Critical to this effort are a highly educated workforce – a third of enlisted personnel enter the cyber branch with a bachelor’s degree, an attainment traditionally reserved for officers – and new $366 million headquarters facility at Fort Gordon. Named Fortitude Hall, it boasts 300 on-site servers, more than 3,000 miles of wiring and high-speed connections to everything from the NSA to allies.

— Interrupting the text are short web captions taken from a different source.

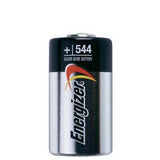 Energizer Alkaline Battery 4lr44/a544 6V 2-blister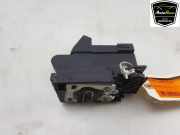 Türschloss Stangen Rechts Vorne 805028269R Dacia Sandero III Schrägheck 1.0 TCe 100 12V ECO-G (H4D-480(H4D-F4)) 2021-09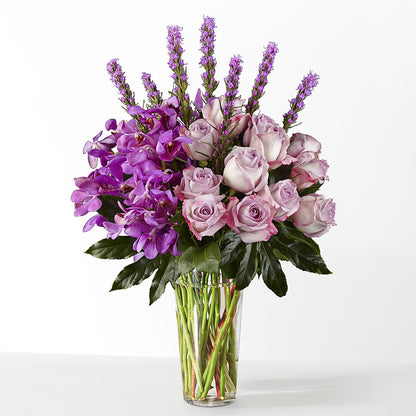 The Maximalist – J ALEXANDER'S FLORIST, Jackson MI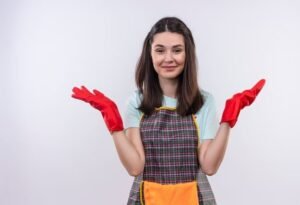 Read more about the article Professional Cleaning Services in Chandigarh – Safe & Trusted Helpers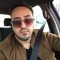Adil Asa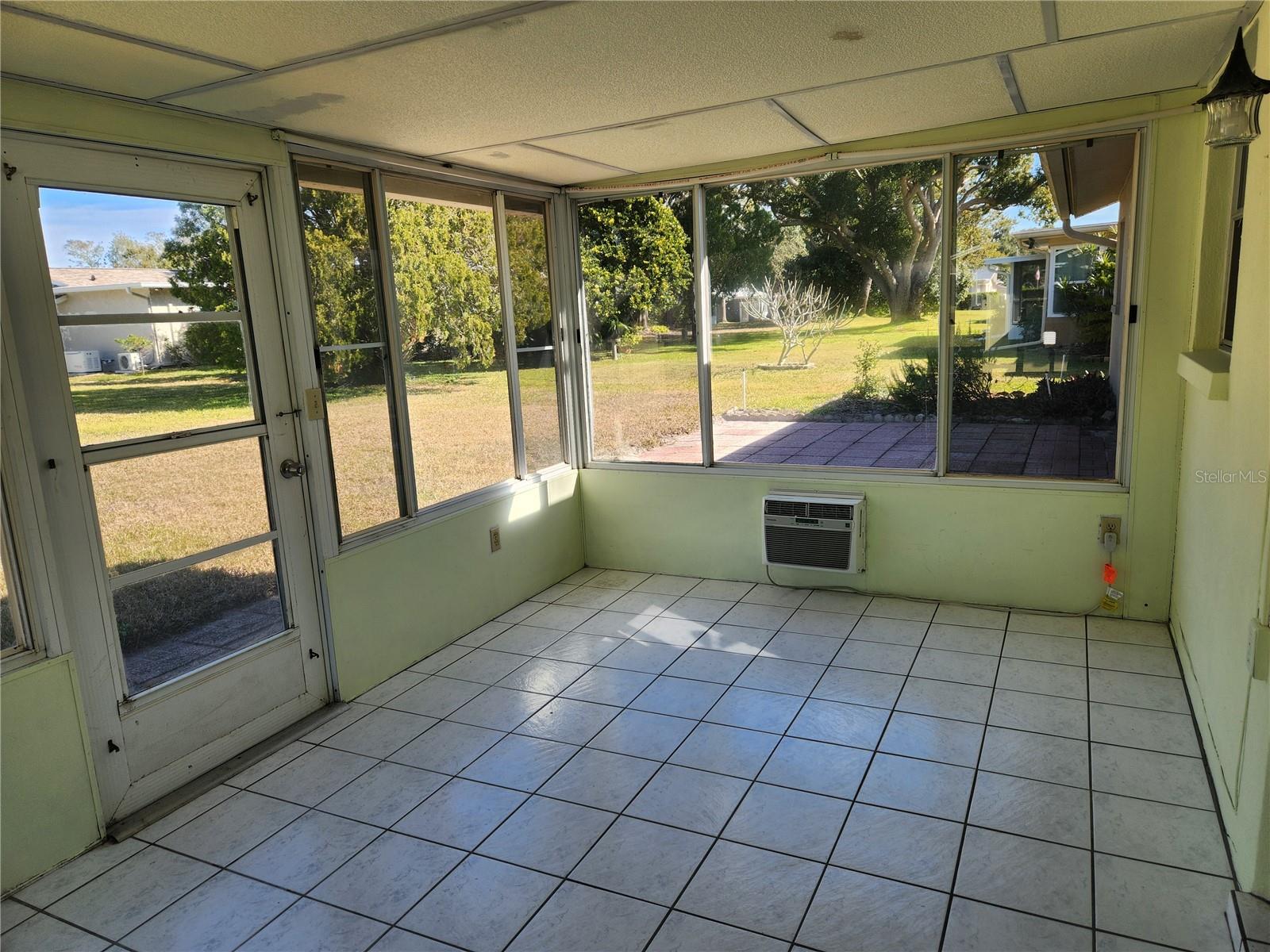 119 STAFFORD DR, PALM HARBOR, FL, 34684
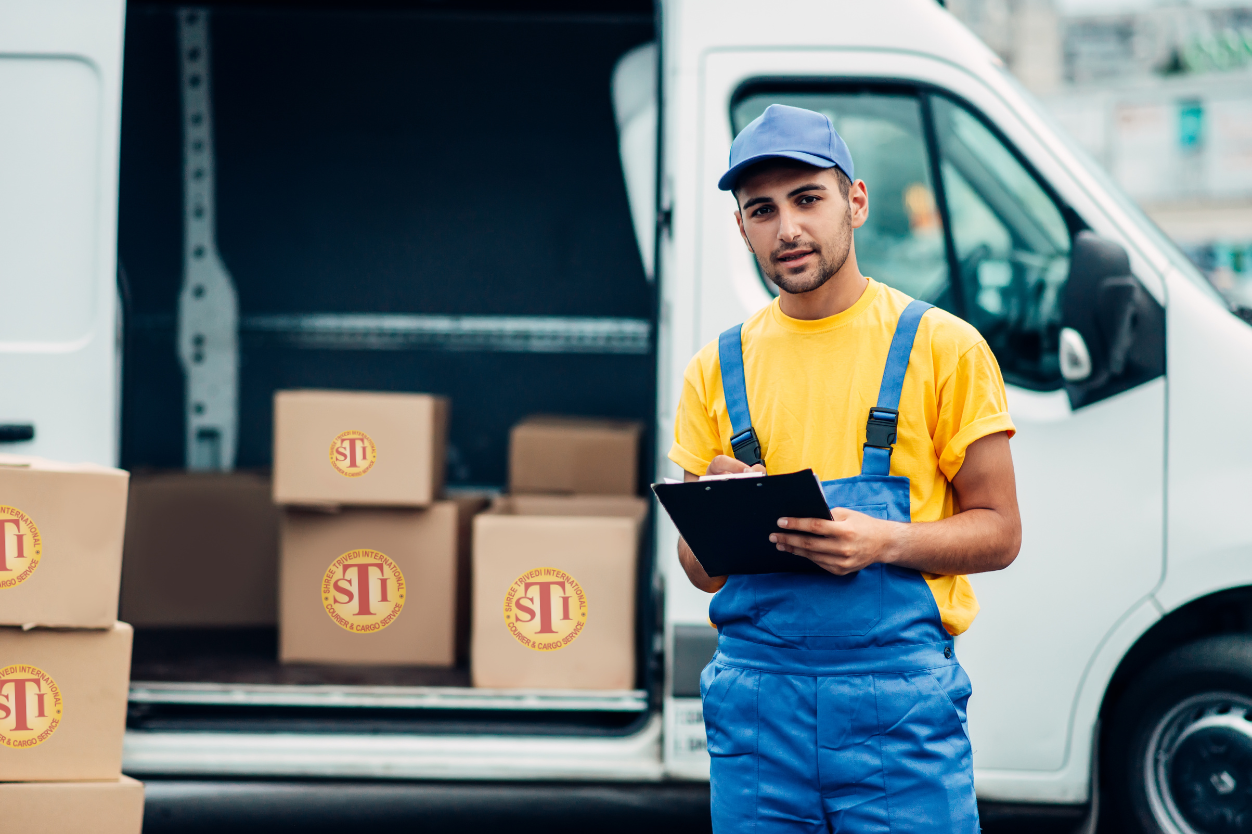 Top 10 International Courier Services for 2025_img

So it’s not just a building. “I’m sitting in a purpose-built global power projection platform,” Fogarty said. “The cyber weapon system actually resides here…. We’re conducting operations 24-7 from this facility and other facilities like it.”

That includes operations not only in “blue space” – on US and allied networks – but in “grey space” – neutral nations’ networks – and even “red space” – adversary networks. That’s in keeping with the doctrine of “persistent engagement” and “hunt forward” promulgated by Gen. Paul Nakasone, the Army four-star who heads the NSA and the all-service Cyber Command.

“Persistent engagement… it was a recognition that if we were going to really survive, that we could not cede any of the operational depth,” Fogarty said, “so we had to be competing and contesting both in red space and in grey space. We couldn’t just give them freedom of movement. We couldn’t allow them sanctuary to rehearse and develop capabilities that they would later throw against us. You couldn’t be hunkered down in blue space with your shields up hoping that defense in depth would keep the arrows from slipping through.”

America’s adversaries are constantly improving their defenses and testing ours, and technology is constantly advancing. So there’s no endpoint at which you can stop improving, Fogarty said. “Every time I think we’re close, the adversary raises the bar,” he said. “[Or] we see something in academia or commercial side or maybe a joint capability or a partner capability that convinces me, yeah, we can do it better – very importantly, we can do it faster.”

“You may come in day after day after day and not be able to have a breakthrough, and so our force has to be resilient,” Fogarty added. “As I talk to our lieutenants, as I talk to our young sergeants, I say, look… you have to be able to deal with failure, sometimes over and over and over again, but not give up. You’re going to have to figure out a way to adapt and overcome and outwit our adversaries.”

“And,” he said, pointing to recent hacks like SolarWinds, Microsoft Exchange, and Colonial Pipeline, “the stakes could not be higher.”